**What is being asked:**
From the first line to the last, transcribe the material exactly.

**Dataset extract:**
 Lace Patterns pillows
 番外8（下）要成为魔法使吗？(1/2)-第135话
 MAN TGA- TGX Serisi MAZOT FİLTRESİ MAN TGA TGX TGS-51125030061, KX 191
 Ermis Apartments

**Reply to the exercise:**
 Lace Patterns pillows
 番外8（下）要成为魔法使吗？(1/2)-第135话
 MAN TGA- TGX Serisi MAZOT FİLTRESİ MAN TGA TGX TGS-51125030061, KX 191
 Ermis Apartments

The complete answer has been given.